Discussion in 'Black Relationships' started by medusanegrita, Apr 28, 2010.
Check one. Add comments if you wish.
let me think on this one
What is there to think about?
You got one of those... as facebook says... 'it's complicated' situations?
I started to put that, but I didn't want to make it too easy for folks.
I'm sure if they think hard enough, they can fit somewhere in the above.
Are there any divorced women on here?
well let's say i was a loanner but not anymore had to think on how to say it !

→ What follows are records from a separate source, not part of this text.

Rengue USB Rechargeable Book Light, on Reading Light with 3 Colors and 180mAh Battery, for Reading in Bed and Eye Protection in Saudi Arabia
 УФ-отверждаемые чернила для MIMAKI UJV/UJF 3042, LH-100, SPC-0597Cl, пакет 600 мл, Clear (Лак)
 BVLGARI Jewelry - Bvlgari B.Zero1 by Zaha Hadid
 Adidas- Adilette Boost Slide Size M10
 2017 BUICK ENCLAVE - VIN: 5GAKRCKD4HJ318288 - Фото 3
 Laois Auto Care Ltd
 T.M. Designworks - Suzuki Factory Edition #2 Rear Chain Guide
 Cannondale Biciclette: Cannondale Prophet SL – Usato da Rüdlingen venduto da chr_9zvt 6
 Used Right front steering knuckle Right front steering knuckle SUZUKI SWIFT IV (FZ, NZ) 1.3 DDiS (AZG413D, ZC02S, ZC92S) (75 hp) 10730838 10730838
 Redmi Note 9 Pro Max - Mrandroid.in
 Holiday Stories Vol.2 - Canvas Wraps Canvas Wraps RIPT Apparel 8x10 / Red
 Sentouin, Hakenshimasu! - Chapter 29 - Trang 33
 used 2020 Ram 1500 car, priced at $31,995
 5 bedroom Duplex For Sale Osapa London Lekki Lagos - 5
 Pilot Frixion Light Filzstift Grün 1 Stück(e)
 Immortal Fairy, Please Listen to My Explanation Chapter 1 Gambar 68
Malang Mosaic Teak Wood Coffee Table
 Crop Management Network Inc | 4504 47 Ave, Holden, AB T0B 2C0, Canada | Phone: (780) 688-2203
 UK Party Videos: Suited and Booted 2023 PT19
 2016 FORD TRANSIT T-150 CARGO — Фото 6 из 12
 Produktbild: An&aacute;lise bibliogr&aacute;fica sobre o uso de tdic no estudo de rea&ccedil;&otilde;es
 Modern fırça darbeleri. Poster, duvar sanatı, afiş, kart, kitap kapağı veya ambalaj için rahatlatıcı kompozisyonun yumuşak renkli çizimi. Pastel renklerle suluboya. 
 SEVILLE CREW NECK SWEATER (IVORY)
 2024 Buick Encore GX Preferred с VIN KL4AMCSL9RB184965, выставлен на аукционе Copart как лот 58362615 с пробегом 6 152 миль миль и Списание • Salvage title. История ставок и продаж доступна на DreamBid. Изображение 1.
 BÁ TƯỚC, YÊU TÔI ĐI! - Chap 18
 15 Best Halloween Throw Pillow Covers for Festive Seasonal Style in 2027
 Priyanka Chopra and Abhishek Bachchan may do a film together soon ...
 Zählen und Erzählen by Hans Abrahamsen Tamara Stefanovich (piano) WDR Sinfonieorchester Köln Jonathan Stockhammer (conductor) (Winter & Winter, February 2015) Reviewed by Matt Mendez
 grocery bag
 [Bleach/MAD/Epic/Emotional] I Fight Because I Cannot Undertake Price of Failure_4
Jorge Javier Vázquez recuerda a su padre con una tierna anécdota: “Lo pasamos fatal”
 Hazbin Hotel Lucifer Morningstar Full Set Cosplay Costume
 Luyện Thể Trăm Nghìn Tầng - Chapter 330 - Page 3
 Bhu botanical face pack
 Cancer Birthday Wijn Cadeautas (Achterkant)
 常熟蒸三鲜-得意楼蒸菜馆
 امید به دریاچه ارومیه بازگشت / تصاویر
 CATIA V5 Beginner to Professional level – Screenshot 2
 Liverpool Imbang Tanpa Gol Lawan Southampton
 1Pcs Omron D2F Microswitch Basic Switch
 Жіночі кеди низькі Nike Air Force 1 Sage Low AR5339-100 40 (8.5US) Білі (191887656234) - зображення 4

I actually qualify for more than one of those
I am divorced
I got married by a judge
Shoulda asked for a jury
Sometimes I think I need to start a support group for divorced black women. I don't think it is easy to be divorced in a sea of married black or single black women - they both have no idea what it means to be divorced.
Single women don't understand because they never been married and don't understand why you led yourself into a relationship and didn't or couldn't make it work. They are soooo idealistic in their singledom, thinking that divorce is not an option, that they will make better decisions on their potential mates so it doesn't lead to one, and yet are scared to get married because they don't want a divorce.
Married black women don't understand it because feel divorce leads to the destruction of the family unit, and don't understand why you couldn't just 'work it out' especially in my case which many consider to be 'too benign' to be gettin divorced over. They think and say 'with the high rate of OOW births and singleness among black women, why is that a path you'd wanna go down? Betta be glad you got a man and got married!' So I'm suppose to be happy to be married just for marriage sake
But many divorced woman that I talk too are not like me. They really are sad and depressed over being divorced and can't WAIT to get married again. They figure that's the state we're suppose to be in, and any criticism over being divorced is justly deserved. They feel GUILTY about being divorced. They feel sadness and shame. Their thoughts are a combination of the both the single black women and the married.
This is not how I feel, and these are not the type of divorced women I want to commune with in any support group. I feel alone and misunderstood.
But I'll find a way to deal with that. Support group ain't one of them so I guess I'll keep reading. Join a different type of support group somewhere. Take a continuing ed class. Who knows.
eh im single and not married male...
On my third marrage, three children with my current wife only.
Divorced..discovered myself..enjoying who I have become.
Divorce = blossomed rose emitting a lovely fragrance!